## PROBLEM TO WORK ON
An exact reproduction of the records is required, with all pictures omitted.
===============
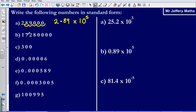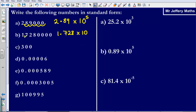Next, I am being asked to write 17,280,000 as a number in standard form. Doing exactly the same, I put my decimal point after the first number that is not a zero. So it would be 1.728 and that is times by a power of 10. To figure out what power of 10, I simply need to figure out how far the decimal place moves along: 1, 2, 3, 4, 5, 6, 7 places along. So it is times 10 to the power of 7.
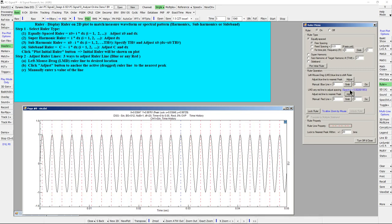If the ruler spacing is known and you wish to fix the spacing, then use the second option and enter the spacing value. For a time history plot, if the frequency is known, use the third option and enter the frequency, which will be converted to fixed spacing in time.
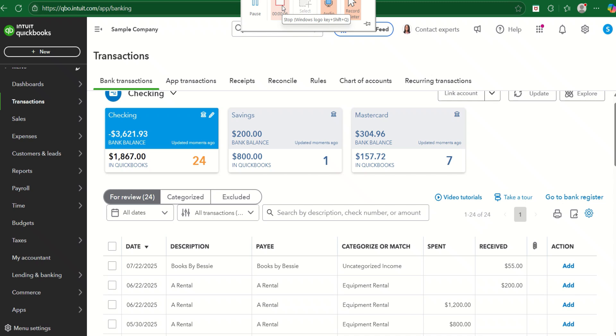In this video, I'm going to show you how to categorize or record expense refunds from the bank transactions page.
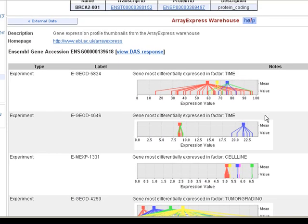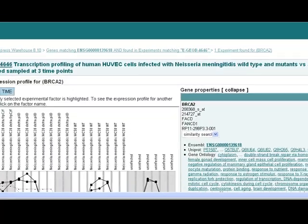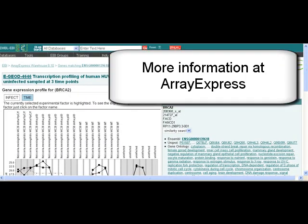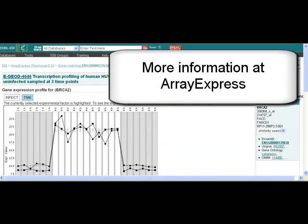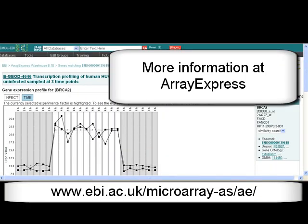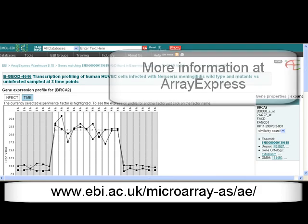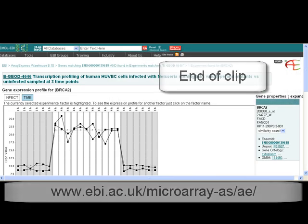To go to one of these experiments, just click on the graph. We jump to ArrayExpress, which is an EBI group. It is free!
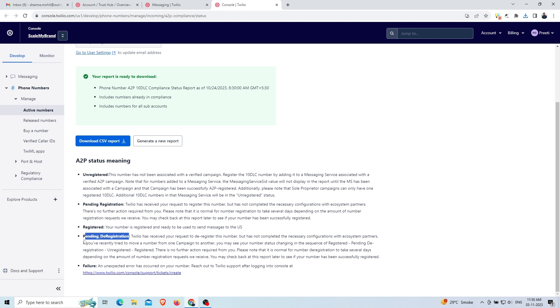The fourth one is the pending underscore registration option, where you have sent Twilio the request to deregister. That is, you want to move a particular number from one campaign to another, but the number is not deregistered by Twilio itself. You can check its status after a few days to see the successfully registered status.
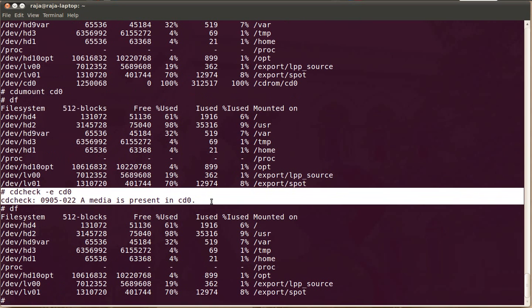So this is the way to manage the CD drives, the media in the CD drives automatically. You just have to install the CD-ROMD daemon, and then you can use cd-mount, cd-umount, cd-eject, and you can also use the cd-check command.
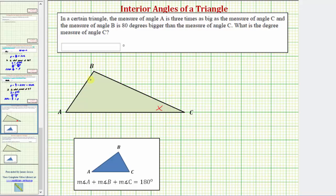We can use any triangle to model this situation — more than likely the triangle will not be to scale. Now let's go back and read the information again. Angle A is three times as big as angle C. So if angle C is x degrees, then angle A would have to be three times x degrees. So we'll label angle A with the expression three x.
===============
## SOLUTION TO THIS EXERCISE
Next, I am being asked to write 17,280,000 as a number in standard form. Doing exactly the same, I put my decimal point after the first number that is not a zero. So it would be 1.728 and that is times by a power of 10. To figure out what power of 10, I simply need to figure out how far the decimal place moves along: 1, 2, 3, 4, 5, 6, 7 places along. So it is times 10 to the power of 7.
If the ruler spacing is known and you wish to fix the spacing, then use the second option and enter the spacing value. For a time history plot, if the frequency is known, use the third option and enter the frequency, which will be converted to fixed spacing in time.
In this video, I'm going to show you how to categorize or record expense refunds from the bank transactions page.
To go to one of these experiments, just click on the graph. We jump to ArrayExpress, which is an EBI group. It is free!
The fourth one is the pending underscore registration option, where you have sent Twilio the request to deregister. That is, you want to move a particular number from one campaign to another, but the number is not deregistered by Twilio itself. You can check its status after a few days to see the successfully registered status.
So this is the way to manage the CD drives, the media in the CD drives automatically. You just have to install the CD-ROMD daemon, and then you can use cd-mount, cd-umount, cd-eject, and you can also use the cd-check command.
We can use any triangle to model this situation — more than likely the triangle will not be to scale. Now let's go back and read the information again. Angle A is three times as big as angle C. So if angle C is x degrees, then angle A would have to be three times x degrees. So we'll label angle A with the expression three x.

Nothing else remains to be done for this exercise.